Pictures with short captions:
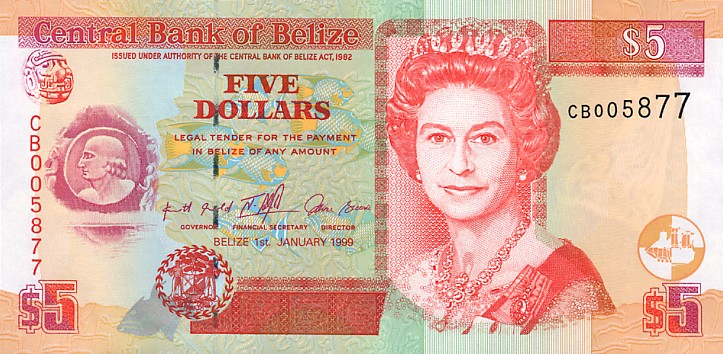 Front of Belize p61a: 5 Dollars from 1999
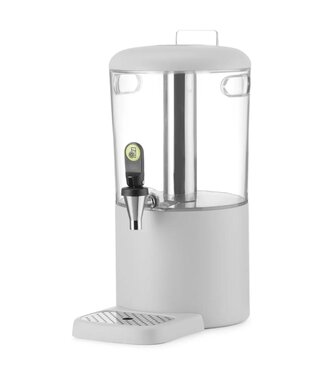 8L Drank Dispenser Warm/Koud - Roestvrijstalen Sap Server Met IJs/Water Kolom - Zilver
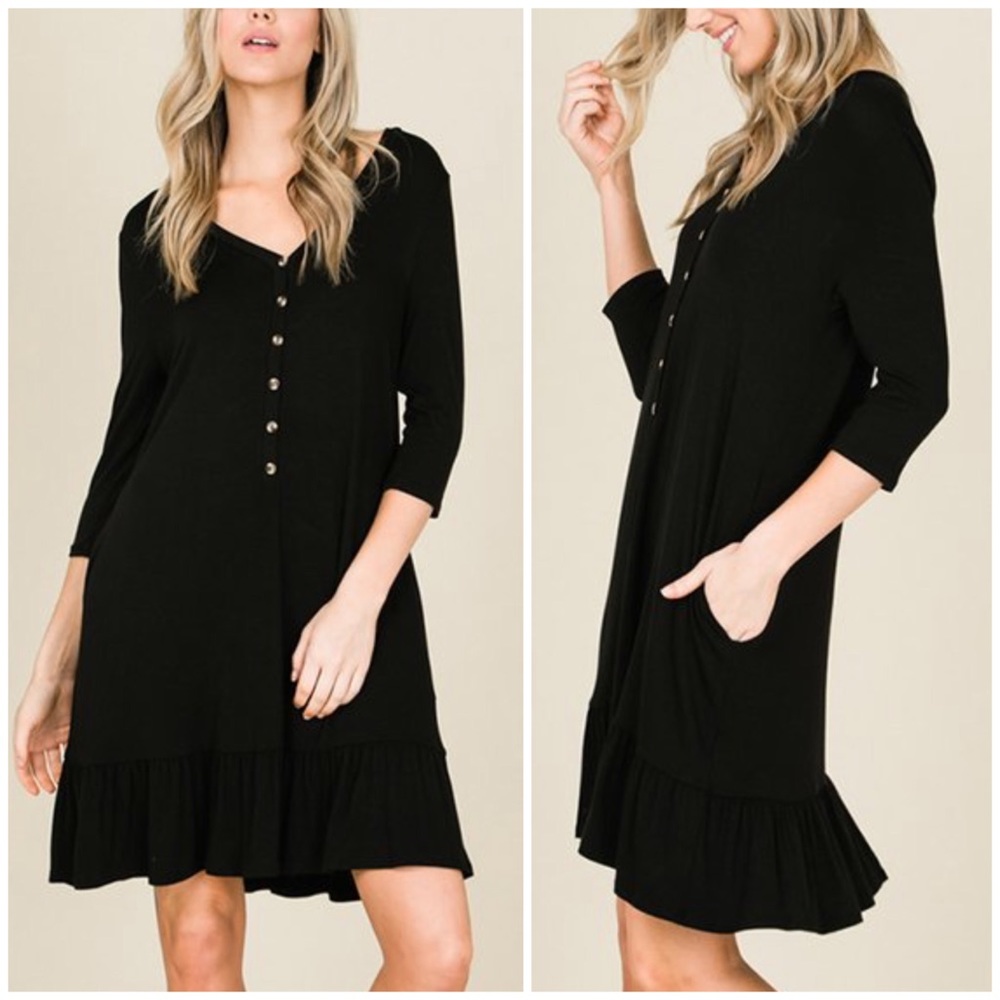 ☀️BLACK BUTTON DOWN RUFFLED DRESS - Picture 2 of 10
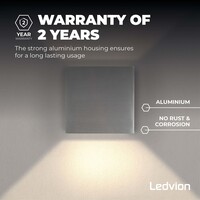 Ledvion Kinkiet Ścienny LED Zewnętrzny Stal nierdzewna - Dwustronny - 2700 K - 3,5 W - IP54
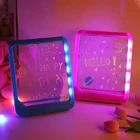 Drawing Board Kids Neon LED Glow Drawing Board With Translucent See-Through Surface And Stand Light Up Drawing Board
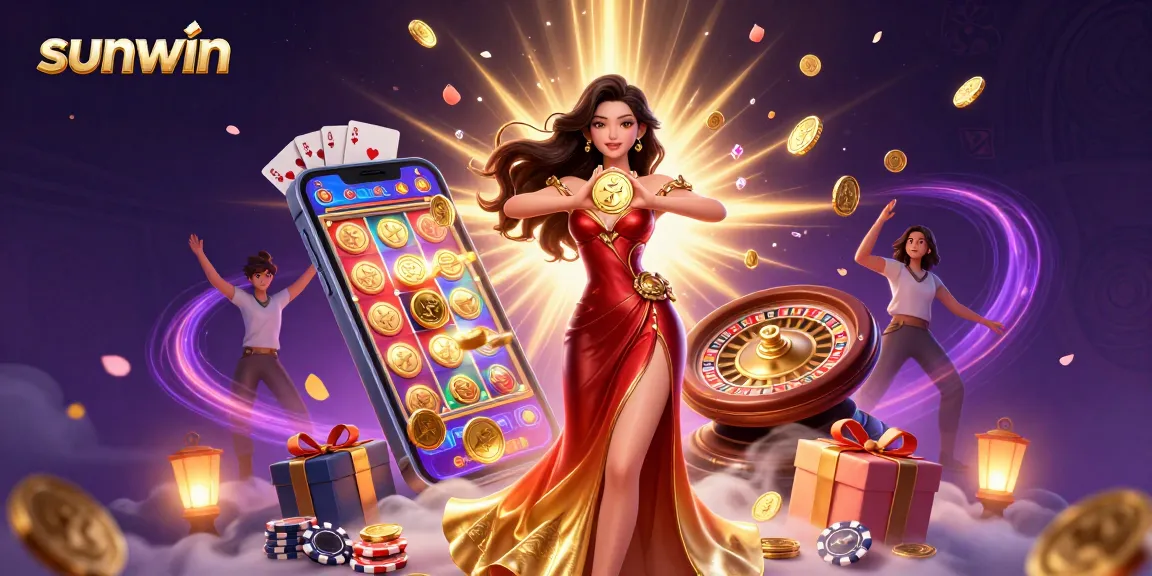 Experience the excitement of sunwin with a majestic golden coin shower and vibrant slot game elements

TASK OBJECTIVE: In the entries above, find the line with "Ledvion Kinkiet Ścienny" and the line with "Drawing Board Kids". Write out exactly those two lines and every line between them, pictures excluded.

RESULT:
 Ledvion Kinkiet Ścienny LED Zewnętrzny Stal nierdzewna - Dwustronny - 2700 K - 3,5 W - IP54
 Drawing Board Kids Neon LED Glow Drawing Board With Translucent See-Through Surface And Stand Light Up Drawing Board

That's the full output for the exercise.